**Exercise**
Exact reproduction required: the lines below from the line with "腹部抽脂后运动对修复和成效的影响" to the line with "Figure 4 for", both ends included, and no others.

- Opening Delimiter -

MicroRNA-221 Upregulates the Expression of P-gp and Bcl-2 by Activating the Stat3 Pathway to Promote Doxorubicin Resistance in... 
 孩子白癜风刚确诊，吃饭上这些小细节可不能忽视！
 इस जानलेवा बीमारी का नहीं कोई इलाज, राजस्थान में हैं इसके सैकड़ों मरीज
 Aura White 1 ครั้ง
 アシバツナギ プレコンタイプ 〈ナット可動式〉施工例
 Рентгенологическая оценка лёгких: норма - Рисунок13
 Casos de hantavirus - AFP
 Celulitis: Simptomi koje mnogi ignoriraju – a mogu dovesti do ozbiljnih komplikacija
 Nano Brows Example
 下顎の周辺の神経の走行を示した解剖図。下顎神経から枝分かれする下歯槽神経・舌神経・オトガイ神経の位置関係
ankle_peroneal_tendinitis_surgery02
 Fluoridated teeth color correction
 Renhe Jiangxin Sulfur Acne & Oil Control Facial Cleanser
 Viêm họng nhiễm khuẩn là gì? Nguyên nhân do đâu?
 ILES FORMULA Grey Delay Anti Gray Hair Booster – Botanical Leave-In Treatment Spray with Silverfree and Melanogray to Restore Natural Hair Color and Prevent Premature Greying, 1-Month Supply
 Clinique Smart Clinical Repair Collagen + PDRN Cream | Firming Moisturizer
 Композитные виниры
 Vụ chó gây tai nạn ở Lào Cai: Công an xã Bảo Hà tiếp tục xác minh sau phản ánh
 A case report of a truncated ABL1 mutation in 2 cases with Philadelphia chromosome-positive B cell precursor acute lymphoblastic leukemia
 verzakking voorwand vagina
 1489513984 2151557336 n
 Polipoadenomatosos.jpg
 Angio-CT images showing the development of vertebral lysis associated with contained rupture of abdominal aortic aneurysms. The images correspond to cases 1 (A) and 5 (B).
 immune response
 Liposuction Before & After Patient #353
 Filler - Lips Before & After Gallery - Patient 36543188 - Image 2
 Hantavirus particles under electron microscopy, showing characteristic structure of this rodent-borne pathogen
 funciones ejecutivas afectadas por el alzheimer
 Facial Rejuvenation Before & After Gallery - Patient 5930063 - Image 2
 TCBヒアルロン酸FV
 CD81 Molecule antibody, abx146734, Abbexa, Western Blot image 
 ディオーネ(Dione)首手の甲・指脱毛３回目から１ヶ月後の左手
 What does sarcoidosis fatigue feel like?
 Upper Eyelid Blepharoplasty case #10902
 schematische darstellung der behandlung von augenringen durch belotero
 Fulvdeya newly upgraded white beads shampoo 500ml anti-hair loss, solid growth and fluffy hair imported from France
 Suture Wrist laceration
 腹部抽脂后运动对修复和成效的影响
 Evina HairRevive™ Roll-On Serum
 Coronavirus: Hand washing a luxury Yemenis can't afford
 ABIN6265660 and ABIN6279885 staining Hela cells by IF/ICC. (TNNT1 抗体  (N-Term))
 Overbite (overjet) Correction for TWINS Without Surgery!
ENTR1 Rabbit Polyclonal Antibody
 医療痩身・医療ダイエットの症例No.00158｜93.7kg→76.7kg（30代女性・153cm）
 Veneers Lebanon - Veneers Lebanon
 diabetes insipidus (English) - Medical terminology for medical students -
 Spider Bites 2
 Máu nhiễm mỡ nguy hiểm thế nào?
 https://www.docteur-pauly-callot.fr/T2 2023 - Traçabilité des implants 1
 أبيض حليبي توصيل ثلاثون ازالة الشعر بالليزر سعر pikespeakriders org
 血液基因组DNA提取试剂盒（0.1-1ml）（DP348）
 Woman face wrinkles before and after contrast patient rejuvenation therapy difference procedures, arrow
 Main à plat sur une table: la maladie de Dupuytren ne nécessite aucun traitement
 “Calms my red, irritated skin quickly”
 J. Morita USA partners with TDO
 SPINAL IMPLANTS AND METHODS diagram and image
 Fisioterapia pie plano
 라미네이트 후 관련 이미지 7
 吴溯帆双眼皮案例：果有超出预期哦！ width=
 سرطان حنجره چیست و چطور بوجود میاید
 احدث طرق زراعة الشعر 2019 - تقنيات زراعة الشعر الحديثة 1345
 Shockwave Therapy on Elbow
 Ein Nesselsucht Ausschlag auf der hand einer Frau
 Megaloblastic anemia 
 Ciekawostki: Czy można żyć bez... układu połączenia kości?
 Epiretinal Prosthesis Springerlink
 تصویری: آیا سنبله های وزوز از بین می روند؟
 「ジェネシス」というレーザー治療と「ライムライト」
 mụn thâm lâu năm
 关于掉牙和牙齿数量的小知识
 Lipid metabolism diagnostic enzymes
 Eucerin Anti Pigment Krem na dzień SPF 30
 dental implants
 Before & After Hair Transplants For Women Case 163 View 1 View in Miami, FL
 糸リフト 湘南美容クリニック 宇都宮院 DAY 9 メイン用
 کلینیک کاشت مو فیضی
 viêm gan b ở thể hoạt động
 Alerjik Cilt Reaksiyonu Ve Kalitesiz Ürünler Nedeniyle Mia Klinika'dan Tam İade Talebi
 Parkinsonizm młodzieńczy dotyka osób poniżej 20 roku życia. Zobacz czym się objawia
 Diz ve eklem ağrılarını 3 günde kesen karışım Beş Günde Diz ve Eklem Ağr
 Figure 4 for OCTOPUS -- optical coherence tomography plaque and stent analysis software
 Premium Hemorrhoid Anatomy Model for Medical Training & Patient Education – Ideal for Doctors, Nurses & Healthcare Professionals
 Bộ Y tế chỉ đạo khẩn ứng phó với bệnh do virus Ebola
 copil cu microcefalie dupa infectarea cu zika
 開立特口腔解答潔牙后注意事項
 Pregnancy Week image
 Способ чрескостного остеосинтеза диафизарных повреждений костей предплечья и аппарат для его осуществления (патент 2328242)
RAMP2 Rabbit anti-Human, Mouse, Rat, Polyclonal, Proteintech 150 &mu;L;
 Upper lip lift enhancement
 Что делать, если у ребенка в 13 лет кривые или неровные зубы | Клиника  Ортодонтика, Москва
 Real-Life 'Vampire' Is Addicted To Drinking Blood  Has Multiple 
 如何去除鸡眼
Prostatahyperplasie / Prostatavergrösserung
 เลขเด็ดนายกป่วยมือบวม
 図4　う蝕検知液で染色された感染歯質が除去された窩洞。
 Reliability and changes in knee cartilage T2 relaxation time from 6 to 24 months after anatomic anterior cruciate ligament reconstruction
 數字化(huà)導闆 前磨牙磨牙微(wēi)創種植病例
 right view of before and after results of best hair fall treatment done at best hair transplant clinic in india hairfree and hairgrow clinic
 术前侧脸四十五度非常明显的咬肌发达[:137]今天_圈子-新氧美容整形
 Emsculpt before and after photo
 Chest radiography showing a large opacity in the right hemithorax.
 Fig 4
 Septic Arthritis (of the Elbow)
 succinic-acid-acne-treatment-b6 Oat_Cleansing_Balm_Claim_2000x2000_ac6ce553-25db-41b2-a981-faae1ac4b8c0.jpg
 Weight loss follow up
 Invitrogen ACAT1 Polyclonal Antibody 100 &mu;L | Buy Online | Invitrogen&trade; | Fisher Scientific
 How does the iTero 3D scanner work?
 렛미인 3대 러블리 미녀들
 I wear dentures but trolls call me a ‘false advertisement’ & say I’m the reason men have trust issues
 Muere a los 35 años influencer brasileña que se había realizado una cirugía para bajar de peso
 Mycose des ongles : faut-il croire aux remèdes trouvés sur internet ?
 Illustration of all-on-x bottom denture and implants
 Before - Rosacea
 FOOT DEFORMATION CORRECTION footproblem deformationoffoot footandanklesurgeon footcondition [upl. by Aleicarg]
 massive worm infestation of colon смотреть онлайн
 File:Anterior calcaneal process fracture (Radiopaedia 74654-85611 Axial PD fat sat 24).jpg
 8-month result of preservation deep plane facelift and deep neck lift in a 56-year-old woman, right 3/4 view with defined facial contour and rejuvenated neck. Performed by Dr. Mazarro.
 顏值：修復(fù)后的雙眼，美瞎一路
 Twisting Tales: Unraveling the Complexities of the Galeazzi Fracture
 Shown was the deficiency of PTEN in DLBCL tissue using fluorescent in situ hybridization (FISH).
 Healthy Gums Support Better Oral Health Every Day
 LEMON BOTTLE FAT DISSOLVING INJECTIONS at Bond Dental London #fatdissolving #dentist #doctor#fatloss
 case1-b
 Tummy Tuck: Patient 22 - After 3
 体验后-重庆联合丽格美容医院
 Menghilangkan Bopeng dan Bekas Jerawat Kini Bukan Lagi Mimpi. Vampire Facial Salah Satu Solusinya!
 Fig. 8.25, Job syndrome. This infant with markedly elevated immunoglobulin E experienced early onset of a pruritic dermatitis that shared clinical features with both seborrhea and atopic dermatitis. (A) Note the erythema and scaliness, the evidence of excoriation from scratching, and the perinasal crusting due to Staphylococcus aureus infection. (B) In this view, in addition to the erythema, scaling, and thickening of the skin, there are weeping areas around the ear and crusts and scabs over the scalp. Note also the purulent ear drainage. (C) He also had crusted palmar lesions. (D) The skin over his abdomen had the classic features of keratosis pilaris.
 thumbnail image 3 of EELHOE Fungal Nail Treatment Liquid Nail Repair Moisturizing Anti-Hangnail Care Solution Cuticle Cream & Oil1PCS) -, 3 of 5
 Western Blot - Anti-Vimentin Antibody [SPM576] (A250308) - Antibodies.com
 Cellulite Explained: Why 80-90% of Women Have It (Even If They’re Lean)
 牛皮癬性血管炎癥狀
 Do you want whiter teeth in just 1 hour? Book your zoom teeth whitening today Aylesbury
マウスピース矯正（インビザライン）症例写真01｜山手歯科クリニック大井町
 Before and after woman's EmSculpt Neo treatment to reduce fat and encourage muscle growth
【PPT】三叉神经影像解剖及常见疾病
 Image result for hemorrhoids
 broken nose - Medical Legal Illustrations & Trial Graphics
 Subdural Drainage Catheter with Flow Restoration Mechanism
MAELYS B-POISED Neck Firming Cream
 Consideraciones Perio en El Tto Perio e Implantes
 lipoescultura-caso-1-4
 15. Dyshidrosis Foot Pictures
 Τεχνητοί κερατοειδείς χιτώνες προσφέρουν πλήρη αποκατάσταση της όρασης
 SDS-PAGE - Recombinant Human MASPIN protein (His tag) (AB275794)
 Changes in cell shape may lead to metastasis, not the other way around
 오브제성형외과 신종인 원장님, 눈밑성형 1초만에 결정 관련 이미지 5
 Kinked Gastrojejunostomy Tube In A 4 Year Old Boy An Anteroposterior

- Closing Delimiter -

**Task solution**
 腹部抽脂后运动对修复和成效的影响
 Evina HairRevive™ Roll-On Serum
 Coronavirus: Hand washing a luxury Yemenis can't afford
 ABIN6265660 and ABIN6279885 staining Hela cells by IF/ICC. (TNNT1 抗体  (N-Term))
 Overbite (overjet) Correction for TWINS Without Surgery!
ENTR1 Rabbit Polyclonal Antibody
 医療痩身・医療ダイエットの症例No.00158｜93.7kg→76.7kg（30代女性・153cm）
 Veneers Lebanon - Veneers Lebanon
 diabetes insipidus (English) - Medical terminology for medical students -
 Spider Bites 2
 Máu nhiễm mỡ nguy hiểm thế nào?
 https://www.docteur-pauly-callot.fr/T2 2023 - Traçabilité des implants 1
 أبيض حليبي توصيل ثلاثون ازالة الشعر بالليزر سعر pikespeakriders org
 血液基因组DNA提取试剂盒（0.1-1ml）（DP348）
 Woman face wrinkles before and after contrast patient rejuvenation therapy difference procedures, arrow
 Main à plat sur une table: la maladie de Dupuytren ne nécessite aucun traitement
 “Calms my red, irritated skin quickly”
 J. Morita USA partners with TDO
 SPINAL IMPLANTS AND METHODS diagram and image
 Fisioterapia pie plano
 라미네이트 후 관련 이미지 7
 吴溯帆双眼皮案例：果有超出预期哦！ width=
 سرطان حنجره چیست و چطور بوجود میاید
 احدث طرق زراعة الشعر 2019 - تقنيات زراعة الشعر الحديثة 1345
 Shockwave Therapy on Elbow
 Ein Nesselsucht Ausschlag auf der hand einer Frau
 Megaloblastic anemia 
 Ciekawostki: Czy można żyć bez... układu połączenia kości?
 Epiretinal Prosthesis Springerlink
 تصویری: آیا سنبله های وزوز از بین می روند؟
 「ジェネシス」というレーザー治療と「ライムライト」
 mụn thâm lâu năm
 关于掉牙和牙齿数量的小知识
 Lipid metabolism diagnostic enzymes
 Eucerin Anti Pigment Krem na dzień SPF 30
 dental implants
 Before & After Hair Transplants For Women Case 163 View 1 View in Miami, FL
 糸リフト 湘南美容クリニック 宇都宮院 DAY 9 メイン用
 کلینیک کاشت مو فیضی
 viêm gan b ở thể hoạt động
 Alerjik Cilt Reaksiyonu Ve Kalitesiz Ürünler Nedeniyle Mia Klinika'dan Tam İade Talebi
 Parkinsonizm młodzieńczy dotyka osób poniżej 20 roku życia. Zobacz czym się objawia
 Diz ve eklem ağrılarını 3 günde kesen karışım Beş Günde Diz ve Eklem Ağr
 Figure 4 for OCTOPUS -- optical coherence tomography plaque and stent analysis software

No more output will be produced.